Once you have located the line containing "Chapeau coloré pour" in the material below, return it exactly along with each line after it through the line containing "Caught Between A".

** Material provided **
════════

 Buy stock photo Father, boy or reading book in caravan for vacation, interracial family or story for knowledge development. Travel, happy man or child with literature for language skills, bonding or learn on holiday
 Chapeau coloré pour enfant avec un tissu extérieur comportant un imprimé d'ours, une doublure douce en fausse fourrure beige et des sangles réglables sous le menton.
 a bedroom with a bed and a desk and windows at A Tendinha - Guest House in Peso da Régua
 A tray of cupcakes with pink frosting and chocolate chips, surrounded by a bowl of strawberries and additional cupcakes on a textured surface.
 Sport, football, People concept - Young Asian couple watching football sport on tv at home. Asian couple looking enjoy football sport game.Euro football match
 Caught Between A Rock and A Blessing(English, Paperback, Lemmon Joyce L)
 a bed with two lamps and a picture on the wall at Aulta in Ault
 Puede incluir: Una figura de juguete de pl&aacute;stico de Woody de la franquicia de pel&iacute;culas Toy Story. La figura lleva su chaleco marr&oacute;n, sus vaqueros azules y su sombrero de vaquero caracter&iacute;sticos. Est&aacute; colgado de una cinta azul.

════════

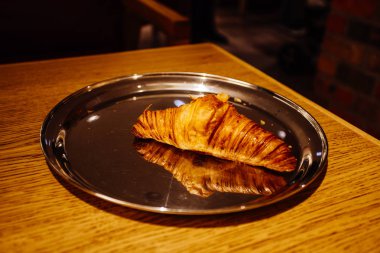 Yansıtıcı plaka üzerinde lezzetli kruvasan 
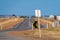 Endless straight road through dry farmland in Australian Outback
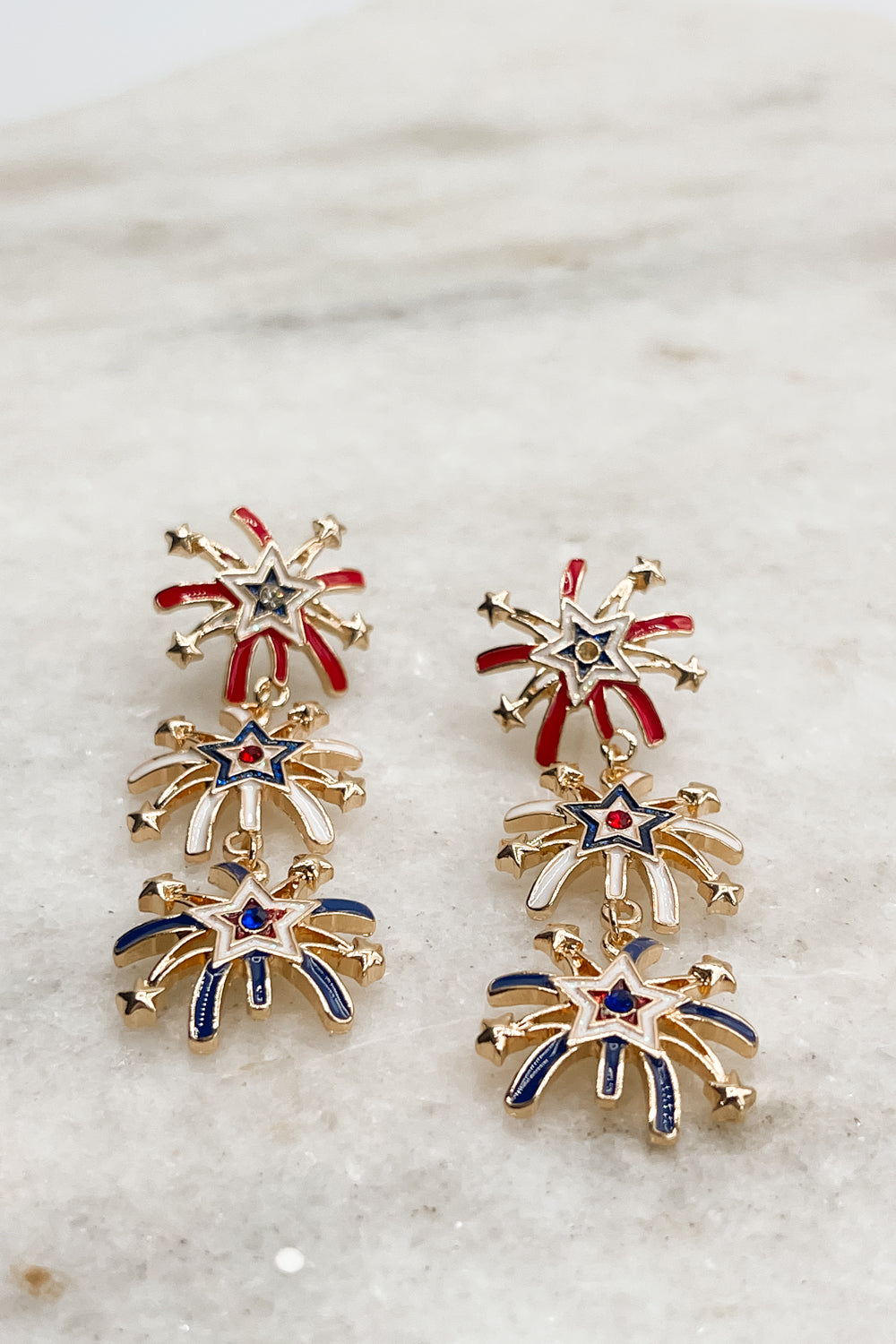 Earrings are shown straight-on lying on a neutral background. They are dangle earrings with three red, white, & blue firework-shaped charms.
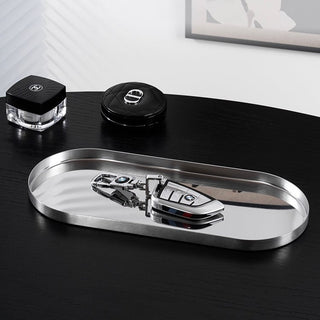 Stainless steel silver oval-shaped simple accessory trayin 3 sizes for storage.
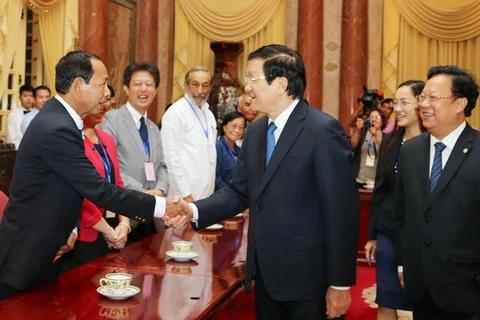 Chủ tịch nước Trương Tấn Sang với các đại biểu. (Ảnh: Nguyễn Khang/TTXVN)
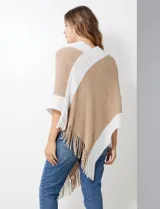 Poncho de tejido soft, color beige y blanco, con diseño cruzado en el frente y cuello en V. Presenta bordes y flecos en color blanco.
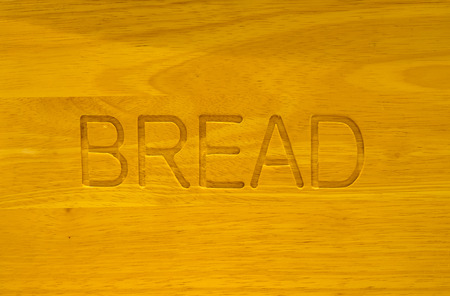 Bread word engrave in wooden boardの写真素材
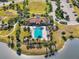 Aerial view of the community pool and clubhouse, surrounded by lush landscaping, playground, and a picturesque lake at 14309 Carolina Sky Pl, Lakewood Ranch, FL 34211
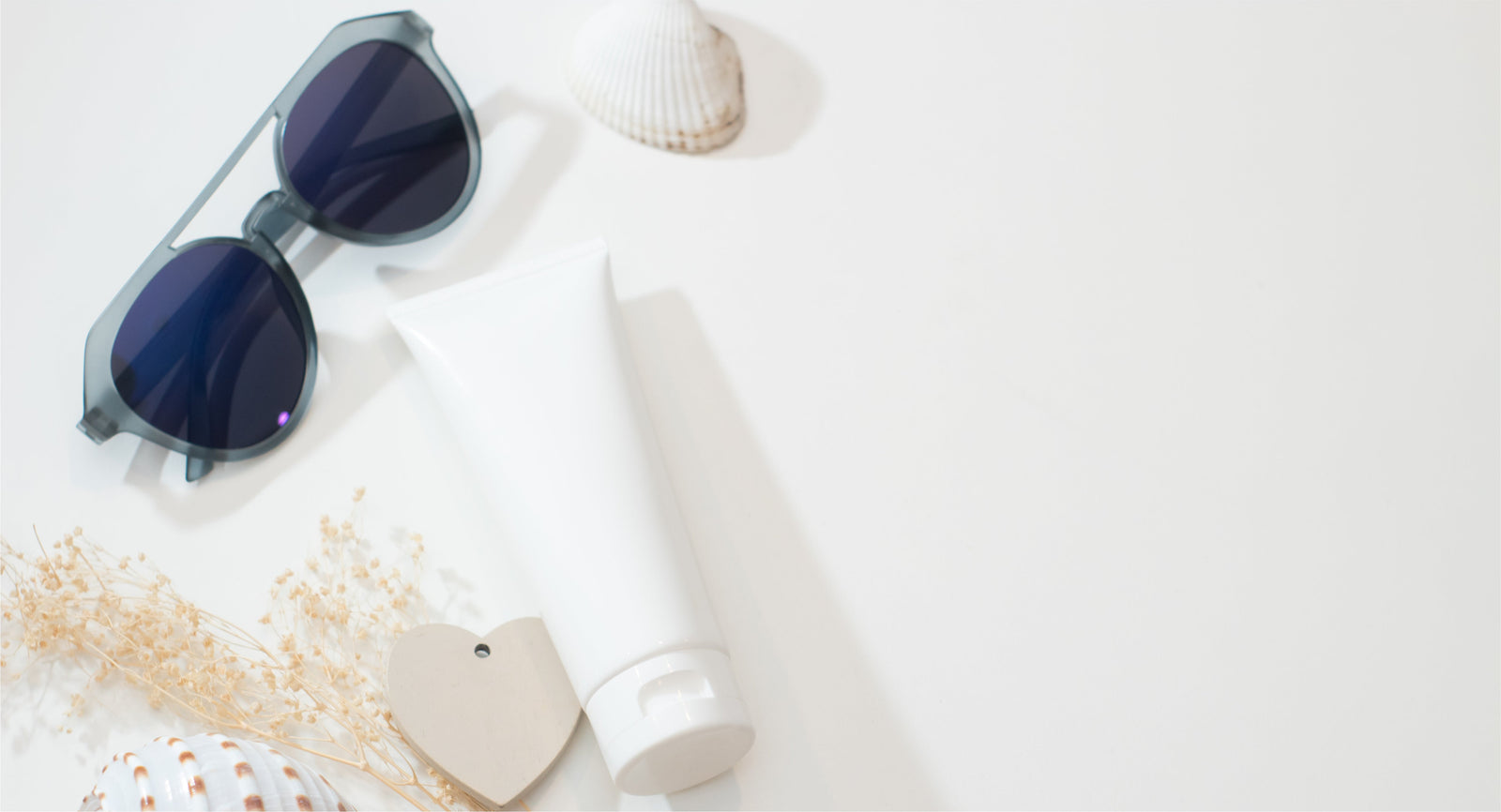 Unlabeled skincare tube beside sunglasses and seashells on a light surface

════════

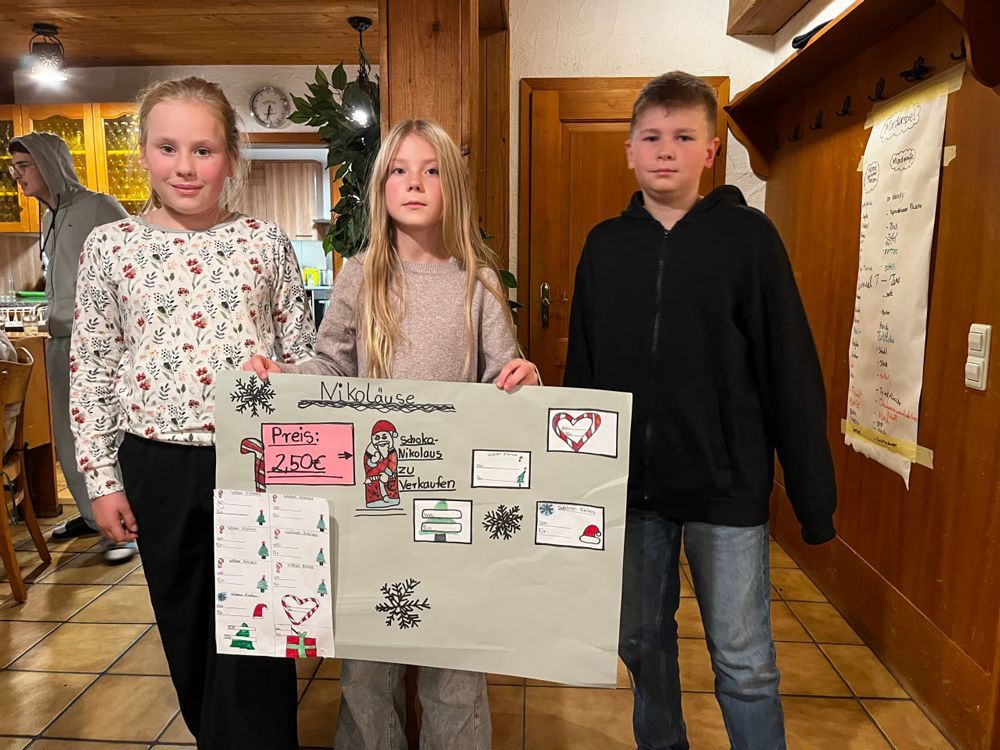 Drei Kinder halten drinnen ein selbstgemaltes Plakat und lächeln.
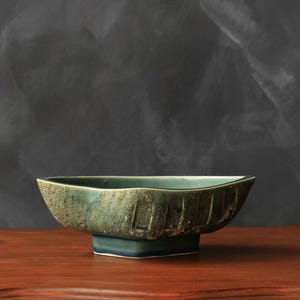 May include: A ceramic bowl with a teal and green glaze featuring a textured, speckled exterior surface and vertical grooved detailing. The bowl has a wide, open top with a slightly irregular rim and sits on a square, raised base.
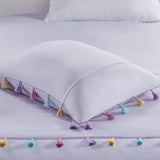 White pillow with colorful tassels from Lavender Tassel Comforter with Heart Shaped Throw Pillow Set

════════

** Final answer **
 Chapeau coloré pour enfant avec un tissu extérieur comportant un imprimé d'ours, une doublure douce en fausse fourrure beige et des sangles réglables sous le menton.
 a bedroom with a bed and a desk and windows at A Tendinha - Guest House in Peso da Régua
 A tray of cupcakes with pink frosting and chocolate chips, surrounded by a bowl of strawberries and additional cupcakes on a textured surface.
 Sport, football, People concept - Young Asian couple watching football sport on tv at home. Asian couple looking enjoy football sport game.Euro football match
 Caught Between A Rock and A Blessing(English, Paperback, Lemmon Joyce L)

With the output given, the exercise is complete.